Where Does My Money Go? proposes to change this. By identifying, structuring and contextualising available data on government spending, then offering it for customisation both in a raw, standard format and through a user-friendly graphical interface. The Open Knowledge Foundation, the not-for-profit organisation behind the project, aspire to make a chess move forward in spending accountability: from transparency to accessibility.

I am not quite sure what it means to “make a chess move forward”, but the sentiment is clearly the right one. Better still, this is not the only attempt to present and make sense of the data: Rosslyn Analytics [but beware of loud sounds] has very rapidly built a front end to the COINS data, as has has the Guardian. These are all great examples of exactly the sort of thing I had in mind when I was writing last week about the move from data to design, with Where Does My Money Go? having a particular strength in clear visualisation.

But at another level, they are an indication of just how far this process has still to go:

  • It’s still a thin veneer: It’s fairly straightforward to get a sense of the big comparisons (health and defence, education and our streets), but things get patchy very rapidly.  What, for example, does ‘our streets’ cover? Well half of it turns out to be ‘housing’ (not at all the same as streets in my book) and most the of the rest is ‘unknown’. It is still very hard to work out what money is actually being spent on.
  • It’s an interpretation: The question of what goes with what, and what it should then be called is necessarily a matter of judgement.  There is nothing to be ashamed of in that, it’s completely inevitable, but if the (equally inevitably) arbitrary way that data is structured and reported drives the way that it is interpreted, there is a risk that we are not as much further forward from traditional expenditure reporting as we might like to think.  So £4 bn of ‘housing‘ expenditure under ‘our streets’ appears in a completely different place from £0.6bn of spending on ‘housing‘ under ‘helping others’.  That difference says more about the responsibilities of different government departments than it does about the fundamental difference between the different ways government contributes to the cost of housing – or does it?
  • It’s about inputs: If you work hard with this data, you can get a sense of what government spent money on.  But you can’t get much of a sense of what it used the things it bought to do, still less what happened as a result.

That risks sounding like a churlish response to some excellent work, which isn’t my intention at all.  On the contrary, it is not only useful in its own right, it helps to show what more is needed – and allows me to repeat the basic point behind this and the previous posts, that all this will be less and less about data and more and more about interpretation, presentation and engagement.

Responses

  1. Another great post.

    Two quick lines of thought:

    1) What extra inputs can be created / linked up to help show the impact of funding. Funding usually has plans / reports / strategies / feedback and often media (photos, videos, newspaper reports etc.) that are related to it: how can we better relate this back to spending? On a techno-social level – can we encourage the tagging of content with unique spending specific keys (if WDMMG could work out a tag structure that allows people to add context to spending from other online spaces that could be a great thing). On a social level – how can we encourage (should we encourage?) recipients of funding to share, in the public domain, stories and insights into what that funding led to?
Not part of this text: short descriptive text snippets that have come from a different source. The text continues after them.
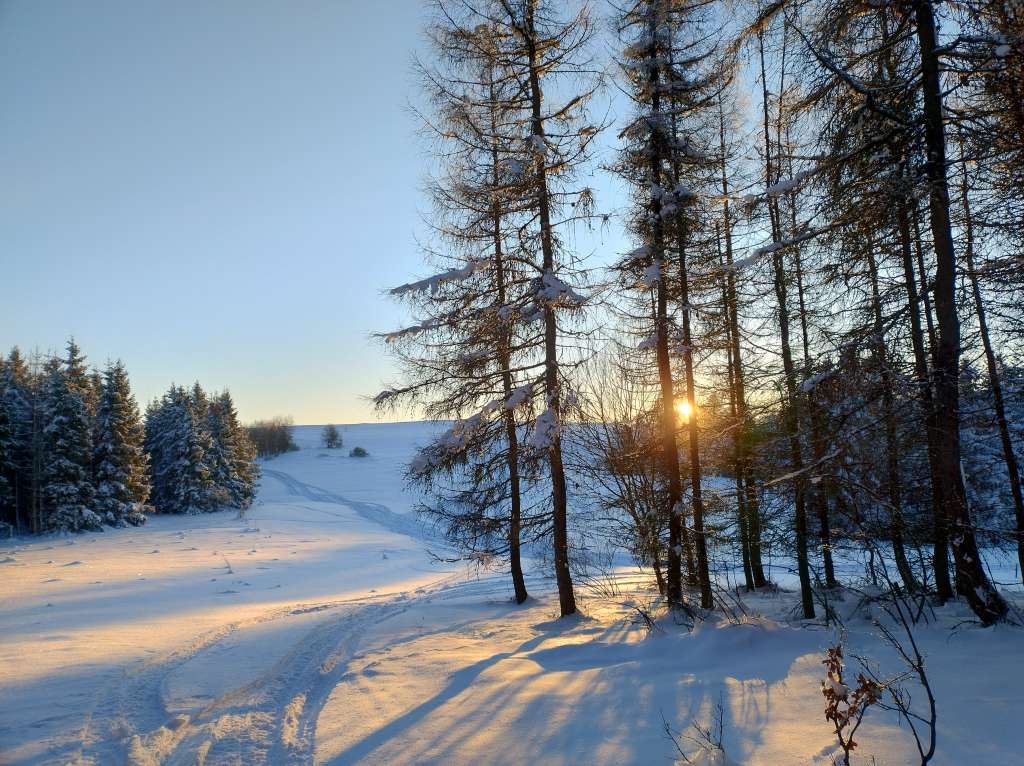 IMG_20260118_154156825_HDR.jpg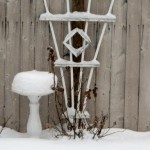 snow_512x384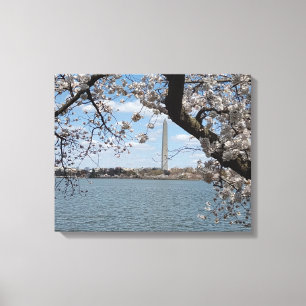 Toile CHERRY BLOSSOMS #1 SUR CANVAS 20 "x 16"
    2) Insights still don’t take us all the way. In most things I would hazard that what we value are responses and actions. In a tangentially related project around data I’ve just been exploring how long and complex the journey between information and action is, and how we need to think about all stages – not just the presenting people with facts / insights stage – http://blogs.plings.net/index.php/2010/06/20/the-full-journey-information-to-action/

    1. I strongly agree that in the end this matters if it takes us beyond insight. I wrote about that in a slightly different context a couple of years ago in an area where your lines of thought are very relevant and which in a sense sets the challenge for WDMMG-like services. But the same basic question underpins both that and your post, which I think you bring out very clearly: what is the real (rather than idealised) model which runs from information (or rather before information) to action.